Think dominates on relational questions requiring cross-page synthesis. It loses on pure aggregation (where raw search dumps the right slugs by chance) and ties on gap-analysis questions where data is stale.

Embedder/Reranker Shootout (Cat 18b, NEW)¶

Six cells: three embedders, with/without ZeroEntropy zerank-2 reranker.

Cell	R@10	MRR	Query Latency	Ingest	Cost
Voyage 1024d + ZE rerank	53.7%	0.571	256 ms	24 s	$0.0031
OpenAI 1536d + ZE rerank	48.8%	0.571	327 ms	39 s	$0.0022
ZeroEntropy 2560d (no rerank)	12.2%	0.238	122 ms	21 s	$0.0009

Winners by axis:

Best recall: Voyage embed + ZE rerank (53.7% R@10)
Fastest/cheapest: ZeroEntropy embed (122ms, 21s, $0.05/M tokens)

Key lesson: the reranker matters more than the embedder. ZeroEntropy's zerank-2 reshuffles 60% of top-1 results. gbrain made ZeroEntropy the default in v0.36.2 for exactly this reason — most users never need to think about provider choice.

What's Still Running¶

Cat 17 phase2 — full 7-cell shootout on the real 240-page BrainBench corpus (6 of 7 cells pending)
Larger-corpus runs — production brains are 100K+ pages; small-corpus receipts are solid, but scale validation awaits
Postgres-mode variants — some Cats hit PGLite-specific limits (no pg_trgm, WASM cold-start)

Key Takeaways¶

Graph > vectors for relational retrieval.

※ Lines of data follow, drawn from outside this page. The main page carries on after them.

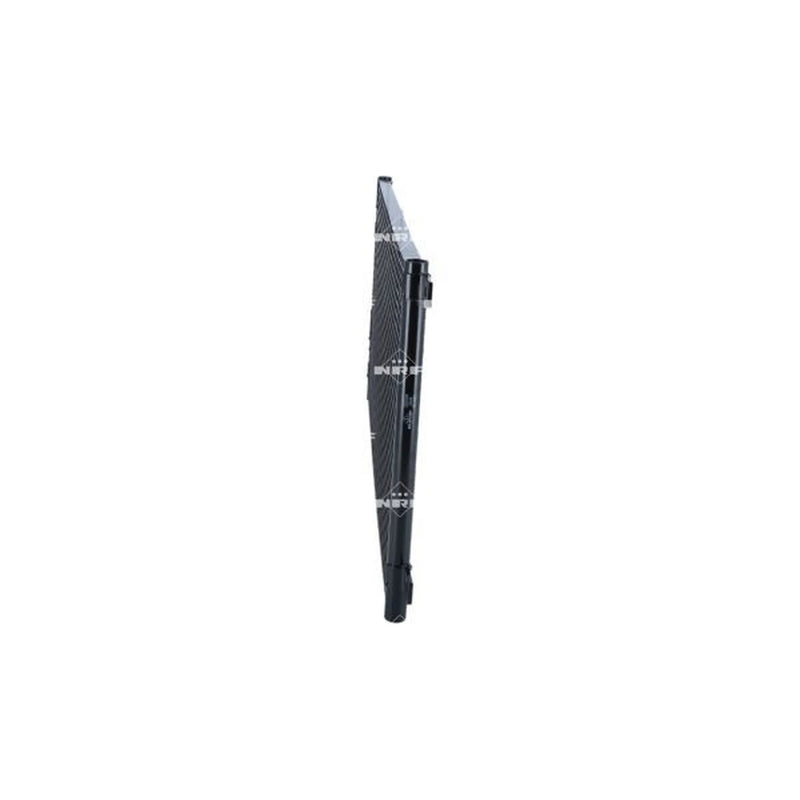 NRF Air Conditioning Condenser 35643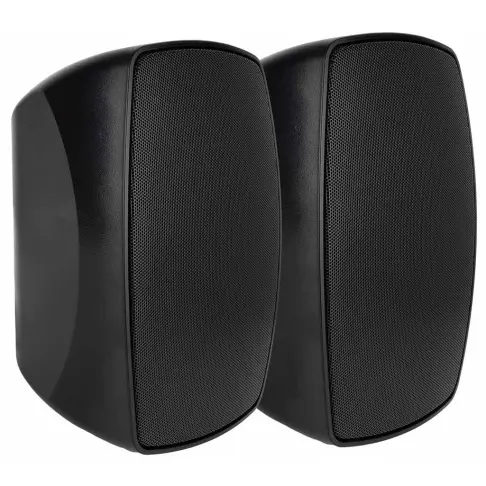 Enceinte murale RONDSON PBT-5N - 1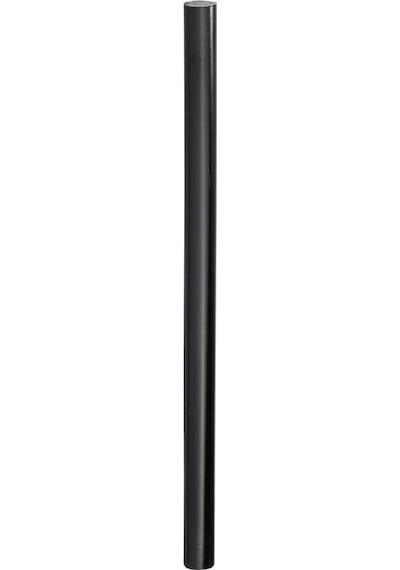 Bosch Tutkal Çubuğu Siyah 11x200 mm 500 gr - 2607001178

The 38-point P@5 gap is not incremental — it's categorical.
Rerankers are load-bearing. They matter more than which embedder you choose.
Think is +4 points better than search on synthesis quality, and the gap is largest on the hardest relational questions.
Zero regression across 20 releases means the retrieval contract is stable — feature work doesn't break accuracy.
Local-first doesn't mean slow or expensive. gbrain + ZeroEntropy is faster and cheaper than cloud-provider alternatives.